Requirement:
Would you transcribe exactly the lines from the one containing "Doppelhaushälfte kaufen in" to the last line of the data below, both ends included, but none of the pictures?

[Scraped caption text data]
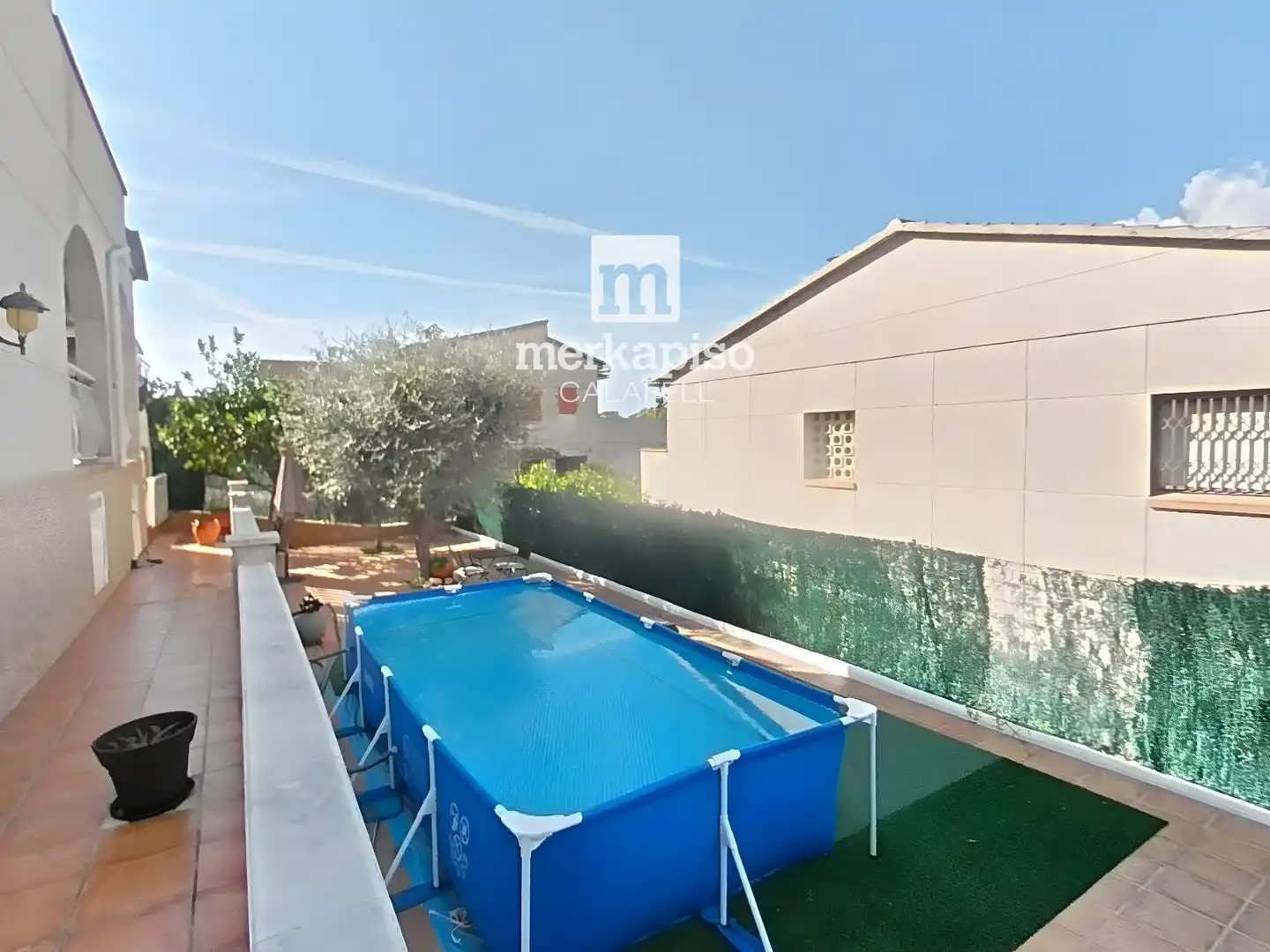 Piscina de Casa adosada en venta en Cunit Residencial
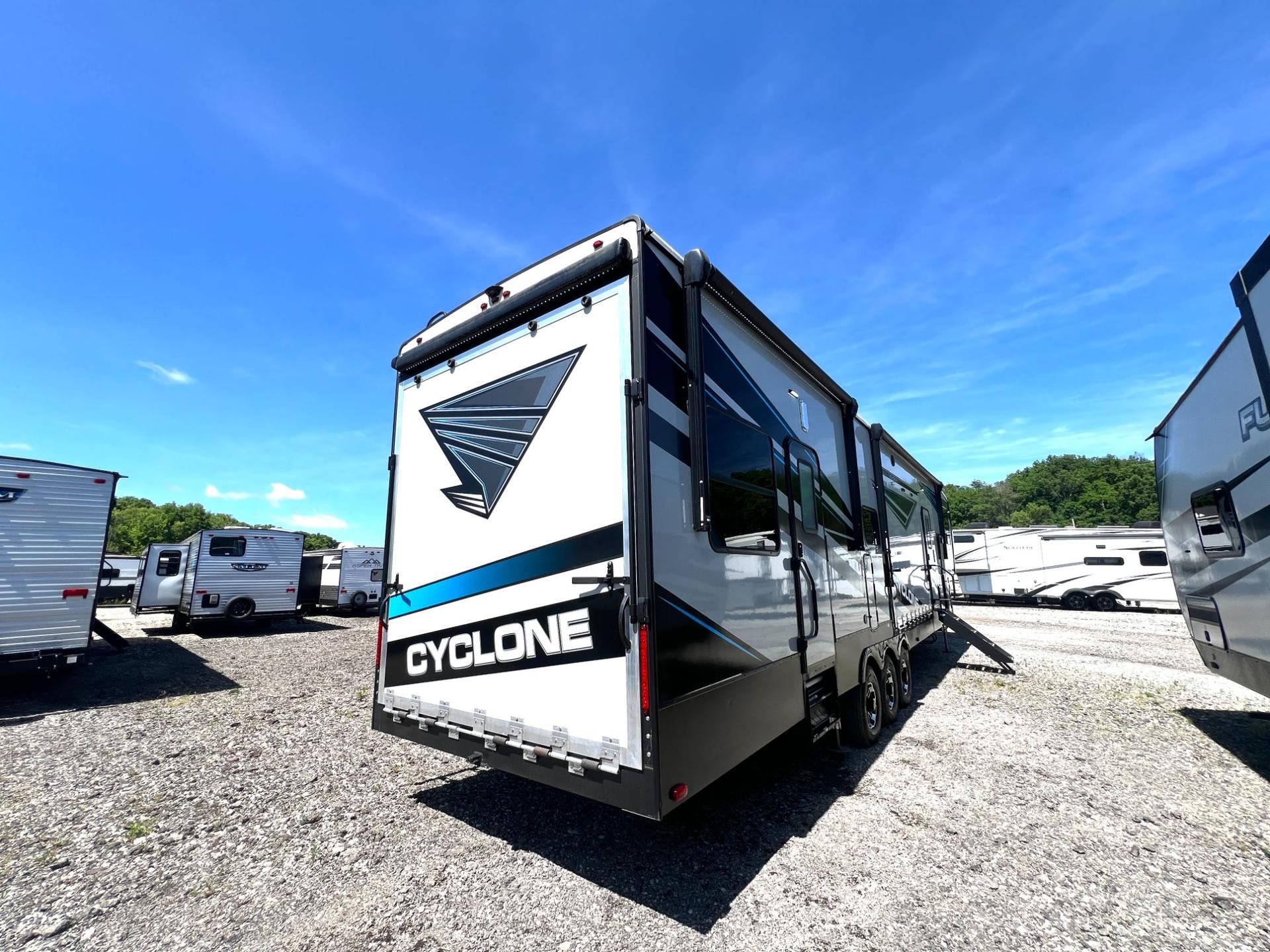 2021 Heartland 2021 Heartland Cyclone - thumbnail 7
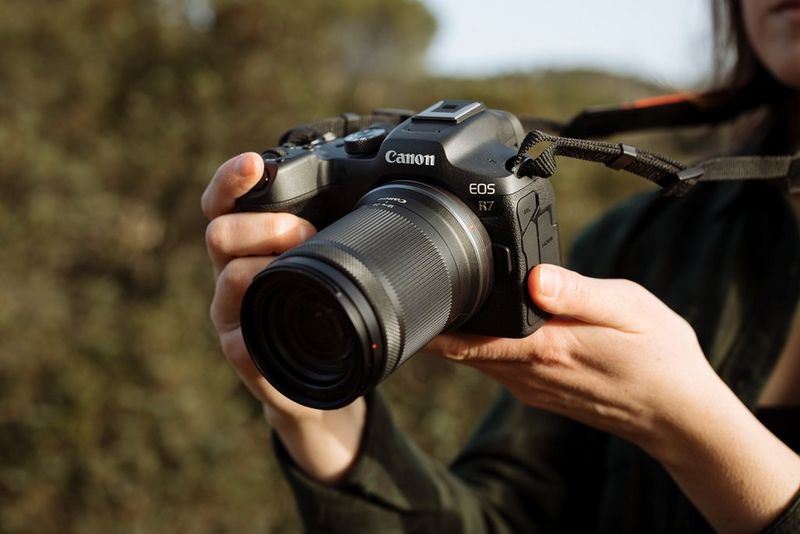 Bezlusterkowiec Canon EOS R7 + RF-S 18-150mm f/3.5-6.3 IS STM + Gratis karta SDXC 128GB Extreme Pro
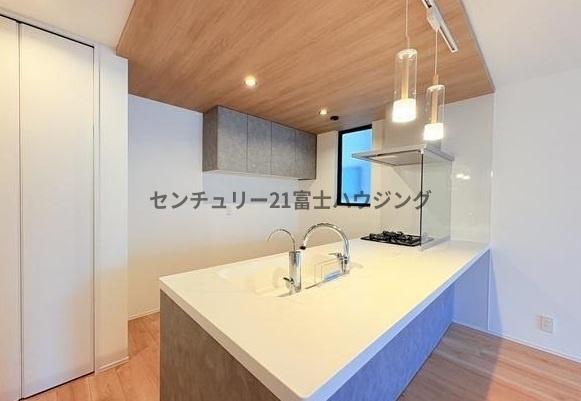 藤沢市鵠沼花沢町　新築戸建2号棟　全3棟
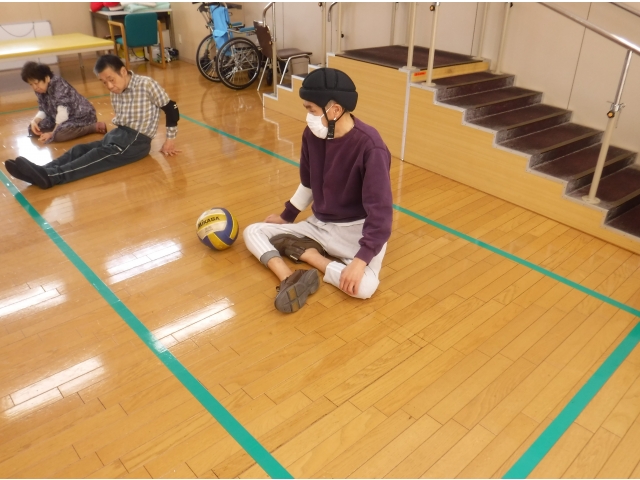 狙いをさだめてサーブ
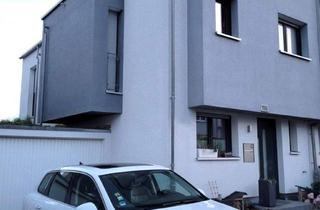 Doppelhaushälfte kaufen in 71139 Ehningen, Ehningen - Großzügige Doppelhaushälfte in Top-Lage - Luxus & Whirlpool inklusive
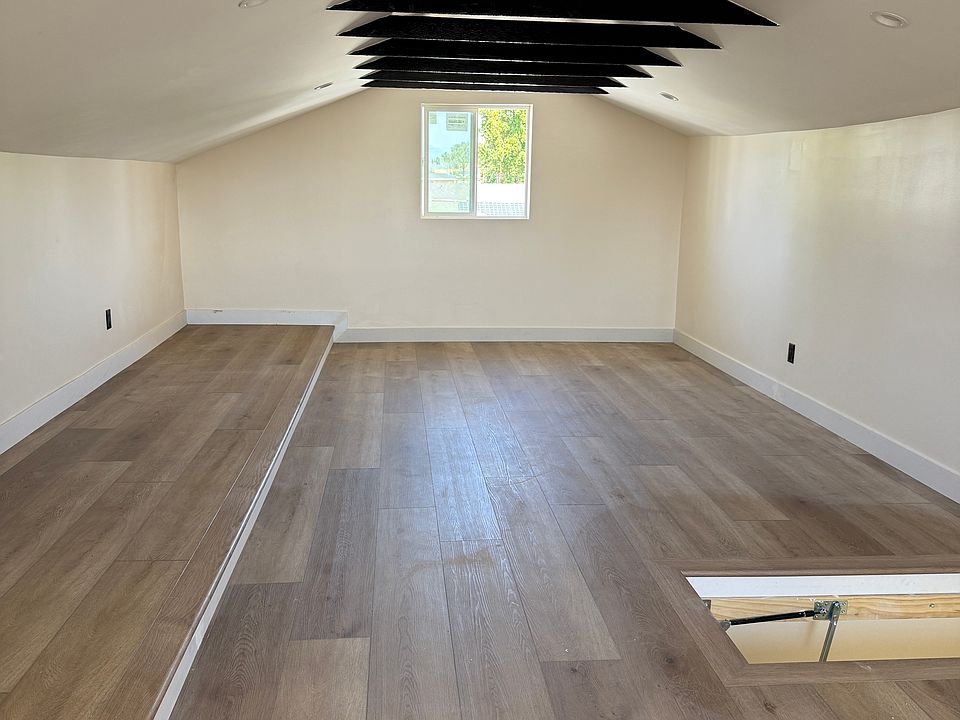 2nd image of 11650 Kittridge St #11650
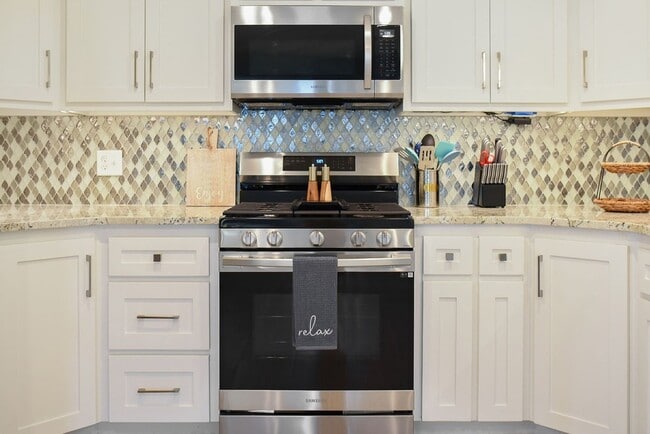Building Photo - 8 Las Brisas Pl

Response for this exercise:
 Doppelhaushälfte kaufen in 71139 Ehningen, Ehningen - Großzügige Doppelhaushälfte in Top-Lage - Luxus & Whirlpool inklusive
 2nd image of 11650 Kittridge St #11650
Building Photo - 8 Las Brisas Pl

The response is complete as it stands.